__Description of the task__:
Return the records that follow unaltered. Omit every picture.

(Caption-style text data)

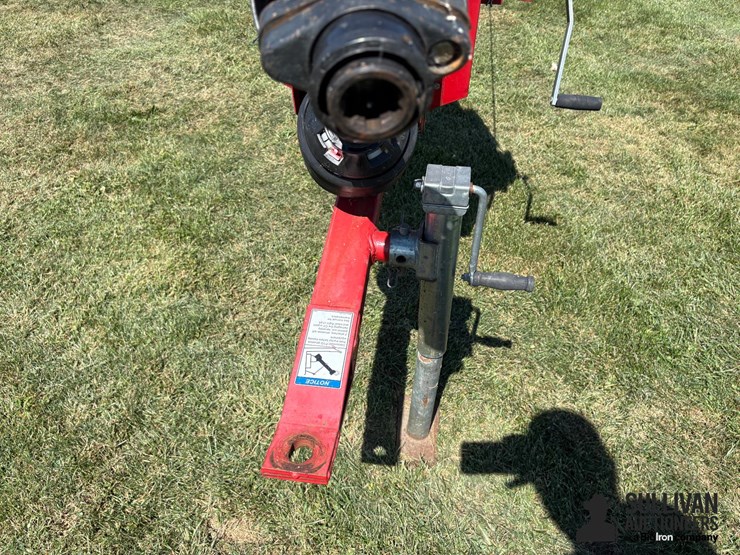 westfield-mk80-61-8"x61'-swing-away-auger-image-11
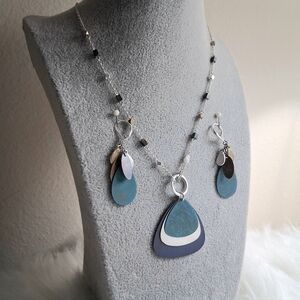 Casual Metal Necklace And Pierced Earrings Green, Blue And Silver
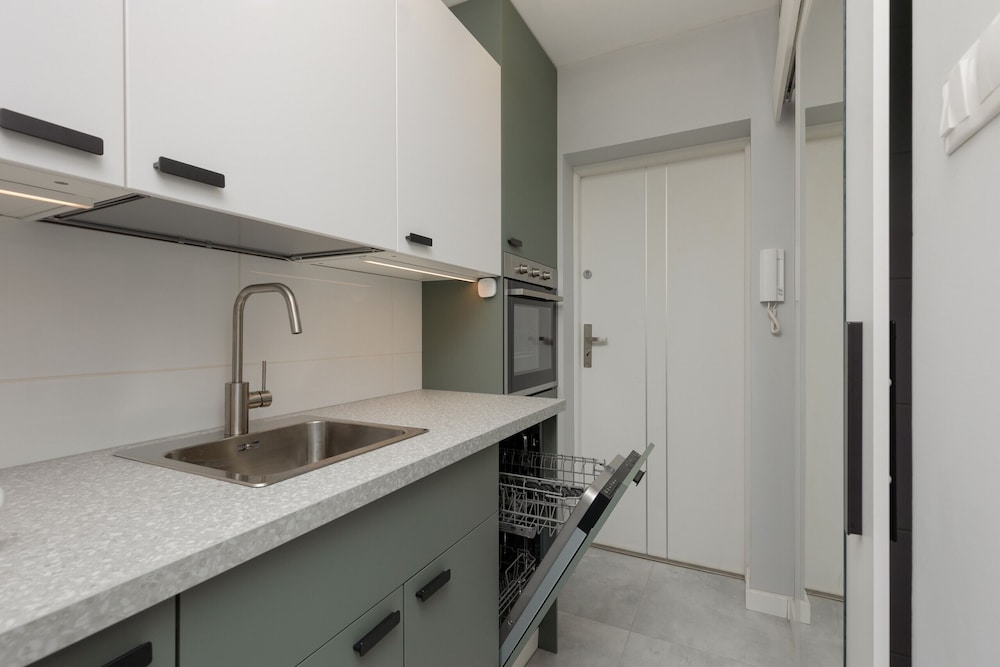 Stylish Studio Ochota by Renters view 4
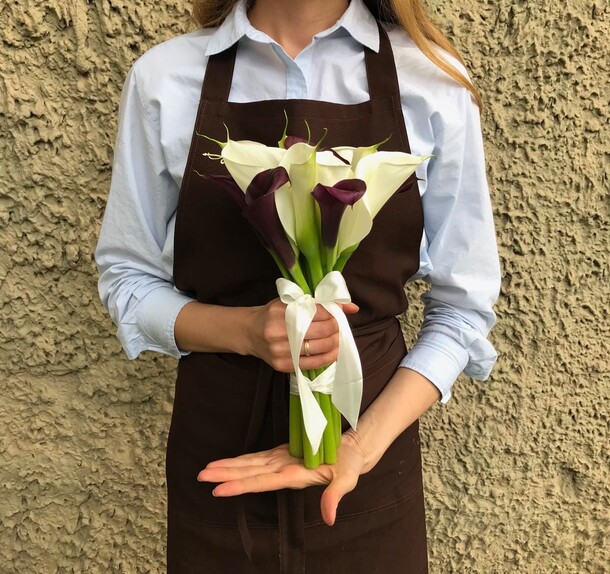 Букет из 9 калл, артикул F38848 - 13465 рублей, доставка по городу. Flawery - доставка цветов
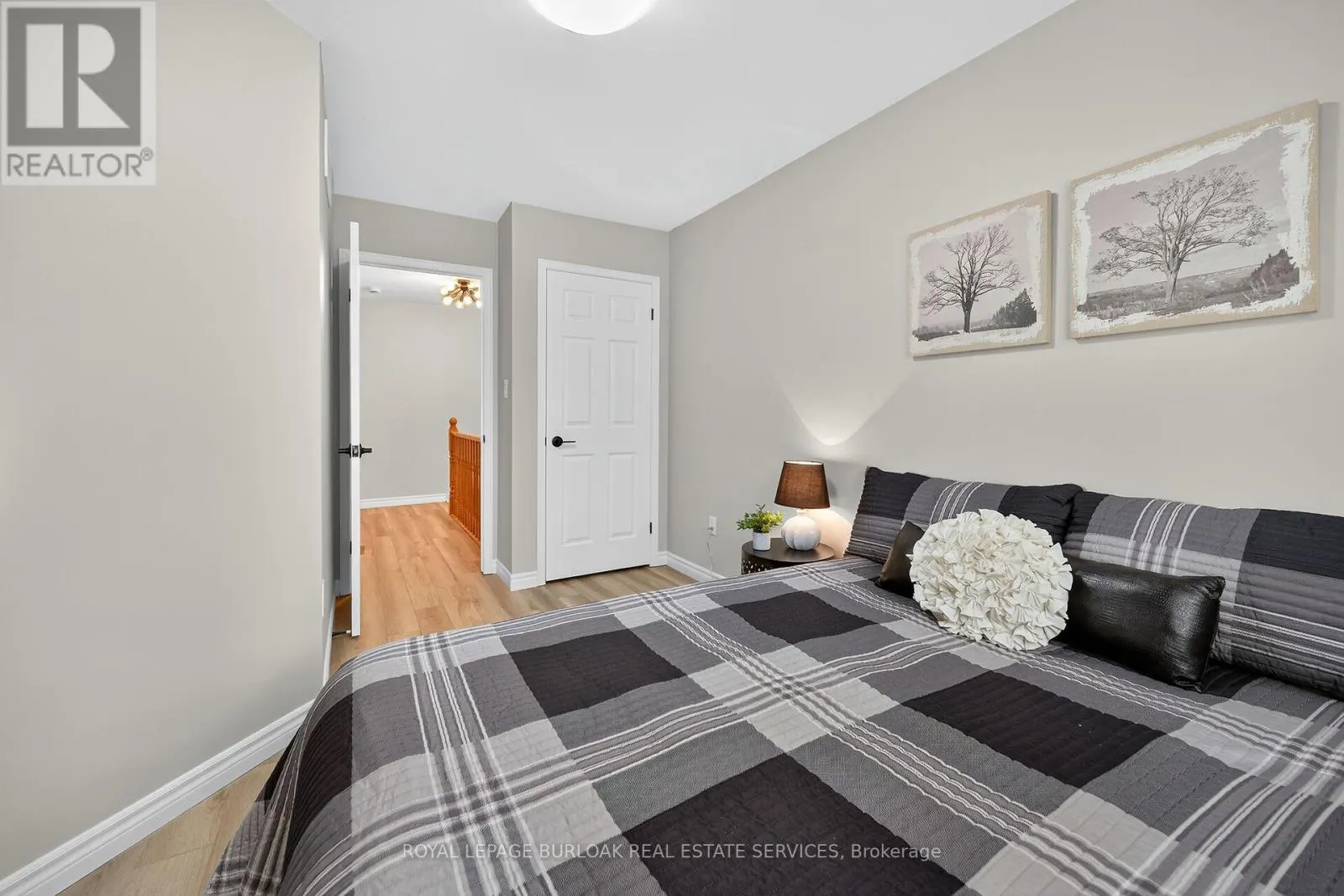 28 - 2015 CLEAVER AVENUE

__Result__:
 westfield-mk80-61-8"x61'-swing-away-auger-image-11
 Casual Metal Necklace And Pierced Earrings Green, Blue And Silver
 Stylish Studio Ochota by Renters view 4
 Букет из 9 калл, артикул F38848 - 13465 рублей, доставка по городу. Flawery - доставка цветов
 28 - 2015 CLEAVER AVENUE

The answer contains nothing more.